The purpose of the National Park Service according to them “is to ensure ecological preservation, a purpose that fundamentally contradicts any form of mining within its precincts. In the case of Abdulrasaq & Co Intl Mining Limited’s and Vingate Mining and Exploration limited, there is no evidence that the two companies were granted any pemlit to enter the National Park in line with Sections 30 and 51 of the National Pork Service Act, talk less of mining in it”.
They argued that, “there is no doubt that permitting mining activities in the National Park will seriously impact the ecosystem and destroy the essence of conservation, while opening the forest to other risks including wildlife hunting and logging.
“Accordingly, we demand the “the immediate revocation of the mining lease granted to Abdulrasaq & Co International Mining Limited and Vintage Mining and Exploration Limited within Cross River National Park Oban Sector Forest. This step is essential to halt any ongoing mining activities and prevent further ecological degradation.
“Relevant security agencies should be moblised to vacate mining operatives from the mining sites.

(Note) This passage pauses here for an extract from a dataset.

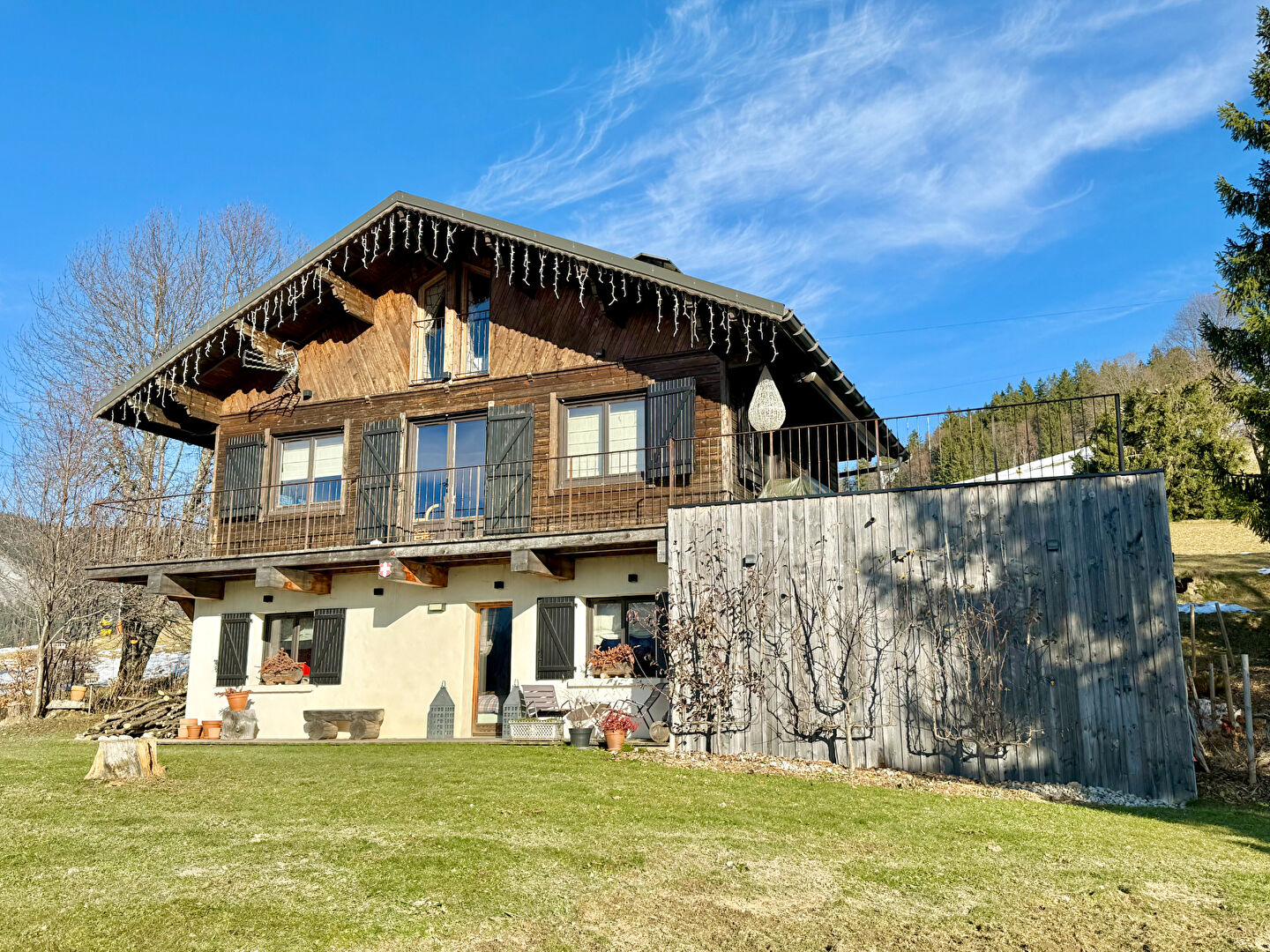 
CHALET DE CHARME FACE AU MONT CHARVIN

“An independent and thorough Environmental Impact Assessment should be conducted on the affected area. This assessment will determine the extent of damage already caused by the mining activities and provide basis for appropriate remediation measures
“The Ministry of Mines and Steel Development, responsible for granting the mining lease without proper authorization, should face appropriate sanctions for this breach. This will serve as a deterrent against future violations and emphasize the significance of adherence to legal protocols”.
They further stated that consideration should be given to enhancing legal oversight mechanisms to prevent potential conflict between ministries and uphold the sanctity of protected areas. This could involve revisiting and refining the coordination protocols between relevant ministries.

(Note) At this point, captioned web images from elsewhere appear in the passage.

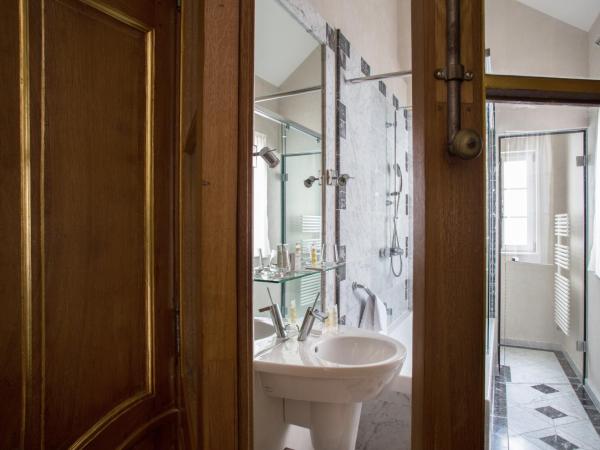 Hotel Le Place d'Armes - Relais & Châteaux : photo 8 de la chambre chambre double exécutive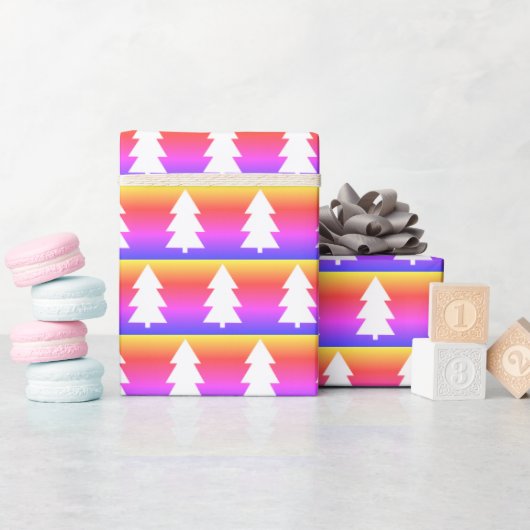 ホワイトクリスマスツリーブルーパープルオレンジ ラッピングペーパー (ベビーシャワー)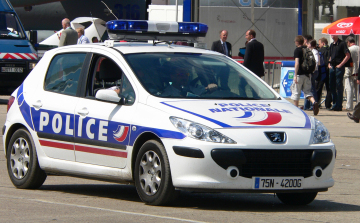 Fokozott biztonsági intézkedések közepette kezdődött a párizsi merényletek pere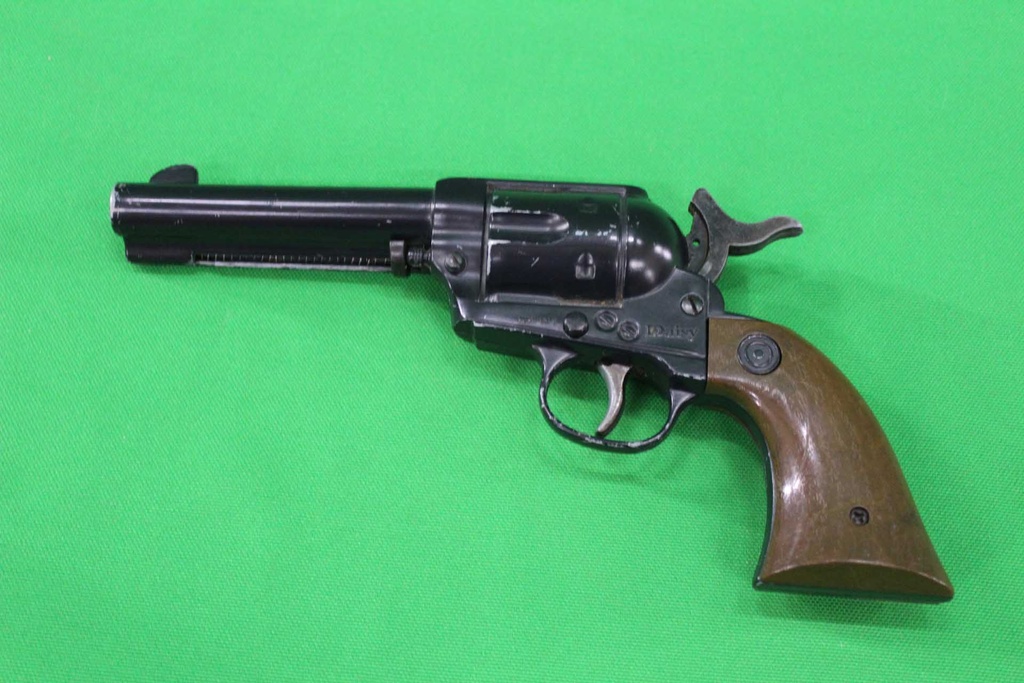 Revolver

“Local communities surrounding Cross River National Park Oban Sector Forest should he actively engaged in the conservation efforts. Their input and cooperation are vital for the effective protection of the park an its sustainable management.
“The Nigerian Minerals and Mining Regulations should be reviewed and strengthened to ensure that there are no ambiguities in granting mining licenses within protected areas. Clear and unambiguous provisions will help prevent future conflicts”, they added.
On compensation and remediation, the NGOs said, “if the Environmental Impact Assessment reveals significant ecological damage. appropriate compensation and remediation measures should be undertaken. This will help restore the affected ecosystem to its original state as much as possible”.
Commenting, Henshaw said, “if nothing is done urgently, next thing people will go in freely and begin to kill the elephants, lions and other endangered species and in next two years the park will be invaded.
“We see a very dangerous trend emerging and this is the first time we have seen threat to the forest driven by the Federal Government. I fear for the level of devastation going on there now and if nothing is done we will take the relevant authorities to court”.
On his part, Dr. Egot said, “for now the Ofumkpa community is directly affected as last week over 100 persons suspected to be from the northern part of the country have entered the reserved forest and other communities like Owali are threatened”.